On 2023/9/13 10:34, Tian, Kevin wrote:
From: Baolu Lu<baolu.lu@xxxxxxxxxxxxxxx>
Sent: Monday, September 11, 2023 8:46 PM

On 2023/9/11 14:57, Tian, Kevin wrote:
From: Baolu Lu<baolu.lu@xxxxxxxxxxxxxxx>
Sent: Tuesday, September 5, 2023 1:24 PM

Hi Kevin,

I am trying to address this issue in below patch. Does it looks sane to
you?

iommu: Consolidate per-device fault data management

The per-device fault data is a data structure that is used to store
information about faults that occur on a device. This data is allocated
when IOPF is enabled on the device and freed when IOPF is disabled.

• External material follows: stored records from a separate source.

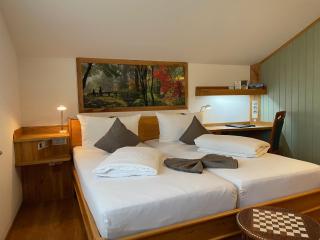 Hotel Blumenbach - Berlino - 7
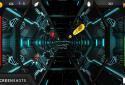 eZone Transporters screenshot 3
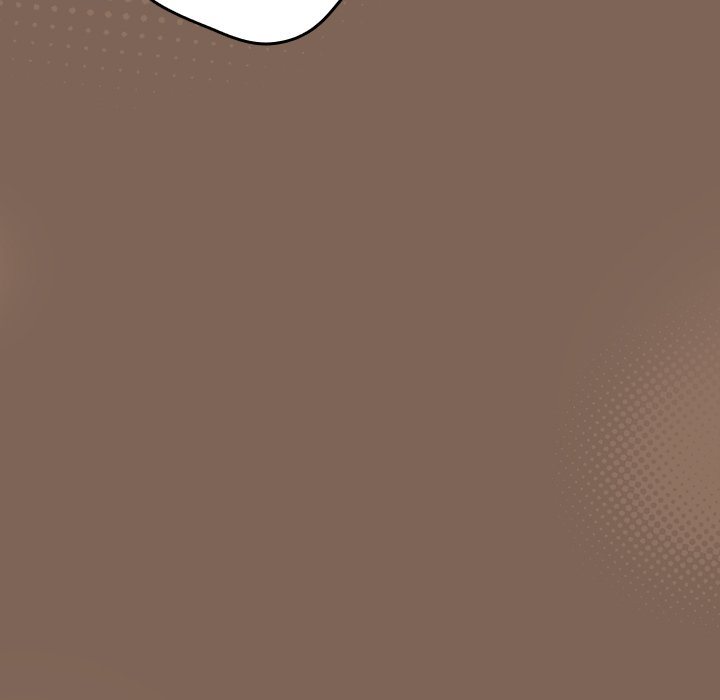 That’s Not How You Do It Chapter 121 image 27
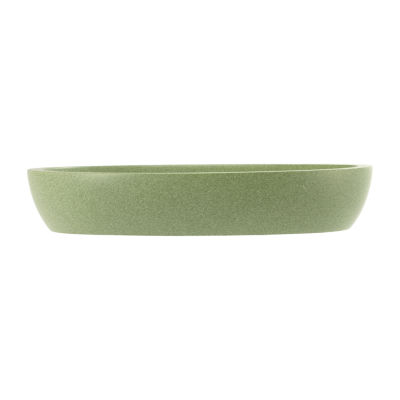 Avanti Stratford Soap Dish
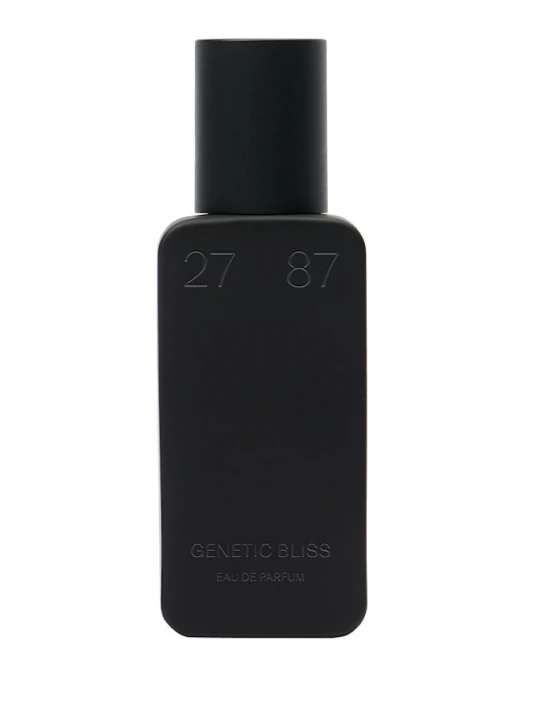 Zdjęcie produktu 27 87 Perfumes Genetic Bliss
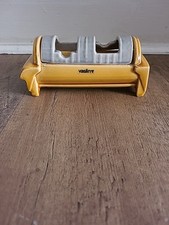 Cendrier Vintage Pressoir Viticole Vaslin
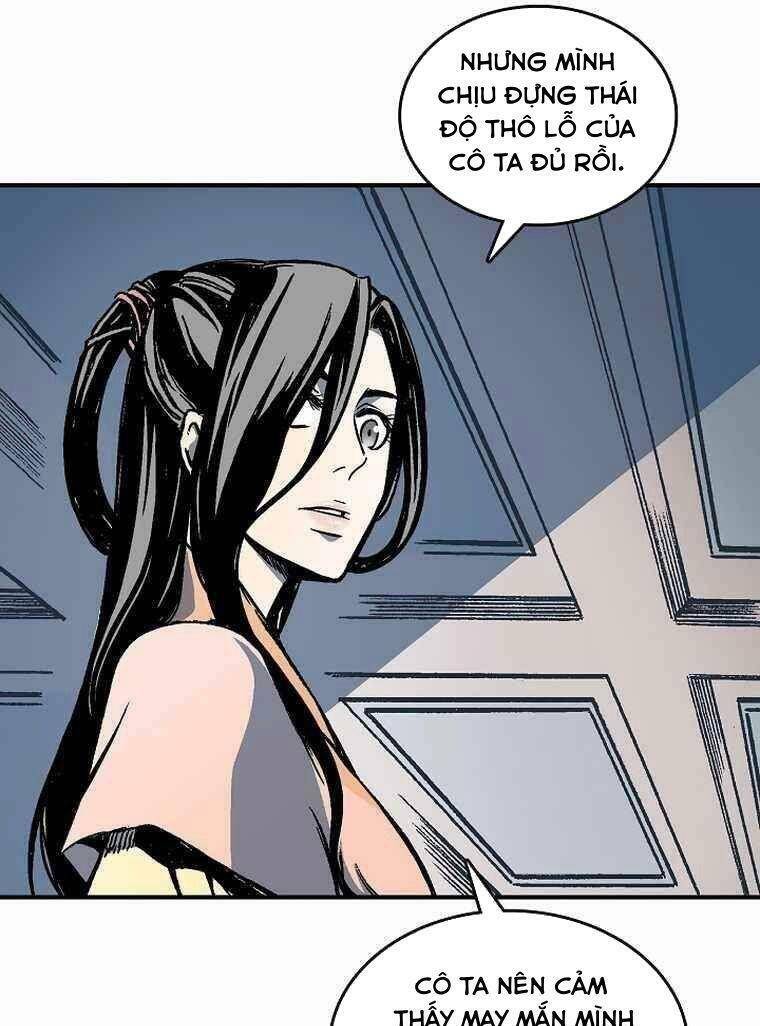 Hồi Ức Của Chiến Thần chapter 78 - Upload bởi truyensieuhay.com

The
data is used in the paths of iopf reporting, handling, responding, and
draining.

The fault data is protected by two locks:

- dev->iommu->lock: This lock is used to protect the allocation and
freeing of the fault data.
- dev->iommu->fault_parameter->lock: This lock is used to protect the
fault data itself.

Improve the iopf code to enforce this lock mechanism and add a
reference
counter in the fault data to avoid use-after-free issue.

Can you elaborate the use-after-free issue and why a new user count
is required?
I was concerned that when iommufd uses iopf, page fault report/response
may occur simultaneously with enable/disable PRI.

Currently, this is not an issue as the enable/disable PRI is in its own
path. In the future, we may discard this interface and enable PRI when
attaching the first PRI-capable domain, and disable it when detaching
the last PRI-capable domain.
Then let's not do it now until there is a real need after you have a
thorough design for iommufd.

I revisited this part of code and found that it's still valuable to make
the code clean and simple. The fault parameter is accessed in various
paths, such as reporting iopf, responding iopf, draining iopf's, adding
queue and removing queue. In each path, we need to repeat below locking
code:

mutex_lock(&dev->iommu->lock);
fault_param = dev->iommu->fault_param;
if (!fault_param) {
mutex_unlock(&dev->iommu->lock);
return -ENODEV;
}

/* use the fault parameter */
... ...

mutex_unlock(&dev->iommu->lock);

The order of the locks is also important. Otherwise, a possible deadlock
issue will be reported by lockdep.

By consolidating above code in iopf_get/put_dev_fault_param() helpers,
it could be simplified as:

fault_param = iopf_get_dev_fault_param(dev);
if (!fault_param)
return -ENODEV;

/* use the fault parameter */
... ...

iopf_put_dev_fault_param(fault_param);

The lock order issue is removed. And it will make the code simpler and
easier for maintenance.

Best regards,
baolu